NIU discontinued freshman admissions Tuesday for the summer and fall semesters of 1987 due to a lack of resources for incoming and present NIU students.

“The budget and the space is not sufficient for 3,500 freshmen and 2,000 transfers,” said NIU President John LaTourette.

Because of increased applicants over the past four years, NIU restricted freshman admissions to 3,500 students. “We tried to restrict the enrollment to match our resources,” said Linda Barrett, associate provost.

Barrett said the university began admission restrictions at the beginning of the admissions process in the fall. Students were denied admission if they were below an ACT composite score of 17 and were in the lower half of their class.

Accepted students were those who ranked in the upper third of their high school class, who had an ACT composite score of 21 and who had completed their application by Feb. 2. However, many students who met the above criteria were denied admission because there was no space available. In addition, students who ranked in the upper half of their class and who had a composite score of 17 were not accepted.

“We are being responsible by trying to match our students with our resources. We are allowing in the best, qualified students,” Barrett said.

Applications have increased from 10,328 to 11,289 in one year, LaTourette said. In addition, the number of applicants who are ranked in the upper third of their class and who have an ACT of 22 has increased by 13 percent. The average ACT for NIU freshmen last fall was 22.3, which is above the national average of 18.9 and the Illinois average of 19.1.

“The good news is that NIU is becoming an institute of choice. On the other hand, we should provide more access to students,” LaTourette said.

About 540 qualified students have been denied admission so far and NIU administrators expect to turn away between 1,500 and 2,000 qualified students altogether, Barrett said.

“I deeply regret that significant budgetary constraints make it impossible for us to respond fully to the clear needs of our region and the aspirations of so many of its students,” said LaTourette.

A study by the Illinois Board of Education indicates that NIU is underfunded by $2.6 million, making it the second most underfunded public university in Illinois.

Although freshman admission has been closed, admission for minority and transfer students who have met the criteria will remain open, Barrett said. Admission for sponsored students, such as athletes or musicians, also will remain open because some students still need to sign their letter of intent, she added.

owever, these students must be sponsored by a department in order to have their criteria reviewed by admissions, said Director of Admissions Daniel Oborn.

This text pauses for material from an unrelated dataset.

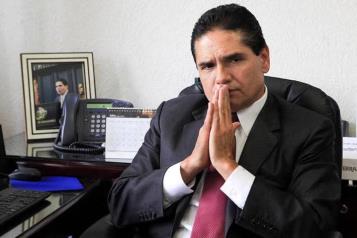 Niega jueza amparo a Silvano Aureoles contra orden de captura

Oborn said “no exceptions” will be made in regard to the closed freshman admissions. He said qualified students who are denied admission for the fall semester would need to re-apply if they want to enroll at NIU in the spring of 1988.

Oborn said he did not know if future enrollments will be affected by the decision to close enrollments for two semesters.

“It’s very hard to estimate,” he said. Oborn noted that freshman applicants for fall of 1988 would have to meet course-specific requirements in addition to having a 21 ACT and ranking in the upper third of their class. Additionally, freshman applicants will be required to send in their high school transcripts which currently are not required.

Oborn said students who are denied admission now might have an effect on enrollment in a year or two because they still have an opportunity to enroll at NIU as transfer students.